PARA LLEVAR
Todos muchas veces hemos ido a un restaurant, comemos algo rico, que muchas veces ansiamos degustar, pero sencillamente no nos cupo (no era para nosotros), pero tampoco queremos dejarlo, entonces aparece la frase cotidiana ¿por favor me lo coloca para llevar?
Se trata te postergar el placer para luego, para cuando nos quepa, algunas veces para el día siguiente, para otro momento, cuando las condiciones se den para terminar ese rico plato.
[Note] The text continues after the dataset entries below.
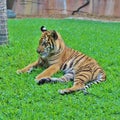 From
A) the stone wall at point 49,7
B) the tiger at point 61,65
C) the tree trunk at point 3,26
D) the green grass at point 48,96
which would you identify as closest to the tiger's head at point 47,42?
the tiger at point 61,65

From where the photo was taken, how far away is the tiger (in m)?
5.70

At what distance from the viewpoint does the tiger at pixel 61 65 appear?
570cm

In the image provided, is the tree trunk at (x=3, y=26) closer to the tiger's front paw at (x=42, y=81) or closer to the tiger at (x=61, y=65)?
the tiger at (x=61, y=65)

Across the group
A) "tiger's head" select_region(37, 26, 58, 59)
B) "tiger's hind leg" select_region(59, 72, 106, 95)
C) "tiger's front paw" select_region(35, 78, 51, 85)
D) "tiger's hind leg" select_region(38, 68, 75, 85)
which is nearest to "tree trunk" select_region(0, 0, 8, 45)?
"tiger's head" select_region(37, 26, 58, 59)

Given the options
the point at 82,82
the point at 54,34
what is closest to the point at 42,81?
the point at 82,82

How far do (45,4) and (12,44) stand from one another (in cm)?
1112

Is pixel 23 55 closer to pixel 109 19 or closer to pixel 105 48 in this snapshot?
pixel 105 48

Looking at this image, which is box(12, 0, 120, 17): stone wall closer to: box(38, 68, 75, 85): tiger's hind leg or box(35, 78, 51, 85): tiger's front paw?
box(38, 68, 75, 85): tiger's hind leg

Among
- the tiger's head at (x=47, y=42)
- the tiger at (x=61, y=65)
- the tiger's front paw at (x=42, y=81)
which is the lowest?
the tiger's front paw at (x=42, y=81)

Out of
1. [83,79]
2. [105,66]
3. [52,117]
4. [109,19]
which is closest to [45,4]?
[109,19]

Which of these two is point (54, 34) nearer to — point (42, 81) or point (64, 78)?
point (64, 78)

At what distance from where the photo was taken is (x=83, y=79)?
5.52m

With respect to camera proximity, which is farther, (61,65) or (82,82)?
(61,65)

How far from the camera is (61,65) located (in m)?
6.24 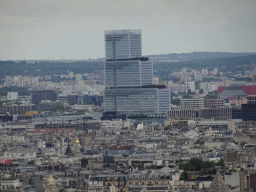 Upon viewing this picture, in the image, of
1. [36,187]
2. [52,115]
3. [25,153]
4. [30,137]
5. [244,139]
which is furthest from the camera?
[52,115]

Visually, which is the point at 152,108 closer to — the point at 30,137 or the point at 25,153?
the point at 30,137

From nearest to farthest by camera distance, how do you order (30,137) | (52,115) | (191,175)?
(191,175) < (30,137) < (52,115)

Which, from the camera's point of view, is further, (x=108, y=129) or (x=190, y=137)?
(x=108, y=129)

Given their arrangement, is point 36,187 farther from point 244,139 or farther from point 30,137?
point 30,137

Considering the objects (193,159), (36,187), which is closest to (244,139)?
(193,159)

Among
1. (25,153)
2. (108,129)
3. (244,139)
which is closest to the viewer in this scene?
(25,153)

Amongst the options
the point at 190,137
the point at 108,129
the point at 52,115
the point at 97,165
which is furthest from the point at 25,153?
the point at 52,115

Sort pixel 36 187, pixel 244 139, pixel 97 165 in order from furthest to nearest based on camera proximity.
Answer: pixel 244 139, pixel 97 165, pixel 36 187

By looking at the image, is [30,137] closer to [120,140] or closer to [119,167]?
[120,140]

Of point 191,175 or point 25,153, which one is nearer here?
point 191,175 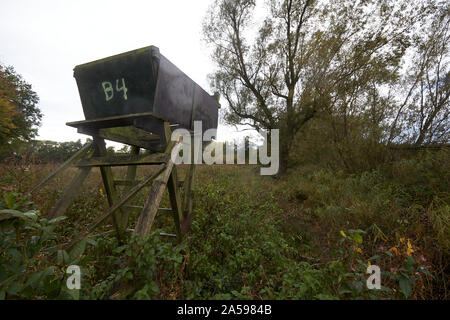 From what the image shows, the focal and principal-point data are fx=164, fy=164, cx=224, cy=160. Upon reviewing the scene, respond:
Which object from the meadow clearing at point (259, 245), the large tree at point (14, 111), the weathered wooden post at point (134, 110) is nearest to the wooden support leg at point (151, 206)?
the weathered wooden post at point (134, 110)

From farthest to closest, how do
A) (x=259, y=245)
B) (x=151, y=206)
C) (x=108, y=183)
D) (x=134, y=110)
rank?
1. (x=108, y=183)
2. (x=259, y=245)
3. (x=134, y=110)
4. (x=151, y=206)

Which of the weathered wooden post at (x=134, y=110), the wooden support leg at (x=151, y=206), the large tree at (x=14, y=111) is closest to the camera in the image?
the wooden support leg at (x=151, y=206)

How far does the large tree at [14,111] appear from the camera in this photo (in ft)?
33.0

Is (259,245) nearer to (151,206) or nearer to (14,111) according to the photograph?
(151,206)

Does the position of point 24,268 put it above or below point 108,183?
below

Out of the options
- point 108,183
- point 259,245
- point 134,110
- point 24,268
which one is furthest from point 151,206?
point 259,245

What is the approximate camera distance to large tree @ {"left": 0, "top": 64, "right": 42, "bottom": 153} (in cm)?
1006

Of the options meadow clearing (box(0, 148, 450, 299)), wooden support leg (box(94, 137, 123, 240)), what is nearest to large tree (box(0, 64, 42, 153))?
meadow clearing (box(0, 148, 450, 299))

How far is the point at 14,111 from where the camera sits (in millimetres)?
11992

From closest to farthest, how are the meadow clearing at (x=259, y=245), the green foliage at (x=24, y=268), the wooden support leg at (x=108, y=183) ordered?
the green foliage at (x=24, y=268) → the meadow clearing at (x=259, y=245) → the wooden support leg at (x=108, y=183)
Así mismo ocurren muchas cosas en nuestra vida, simplemente no era el momento para consumir todo, tenemos que postergarlo por diversas razones para después.
No es pecado, ni un fallo, simplemente ya estamos llenos o pues las circunstancias no se dieron.
A veces incluso por más placer que nos den ciertas situaciones tenemos que dejarlas para después, no es procrastinación, no, es que debemos tener todas las condiciones para que ocurran.
NO era el momento, así de simple, tenemos que esperar que la vida se de a nuestro favor, claro que podemos propiciar desde nuestra fuerza voluntad, responsabilidad, ganas y más, pero aja ¿y si no era pa’ mi ahorita?
Nos toca por más que queremos lograr que es el momento adecuado, la gente dice en el argot cotidiano “lo que está en la iglesia va pal cura” nada más cierto que ello.
Yo enriquecería este párrafo anterior para ilustrarlo por la fuerza divina que Dios tiene su plan mágico, con escoyos, caminos tortuosos y huecos, que nos parecen injustos, pero no podemos retorcer el destino, porque a veces en serio se escapa de nuestras manos, más allá de nuestras ganas y preparación o gusticos.
Es entonces cuando aparece la POSTERGACION, ¿Me lo pones para llevar? Lo consumimos cuando todo se desde el ideal para que pase y lo disfrutaremos, no importa cuánto tiempo pase, si es genuinamente para nosotros lo gozaremos.
VIVAMOS EL HOY, sin daños a terceros, cuando sea solo para nosotros. Cuando nuestro estomago esté listo para comerlo, ese pedido mágico que pedimos para llevar.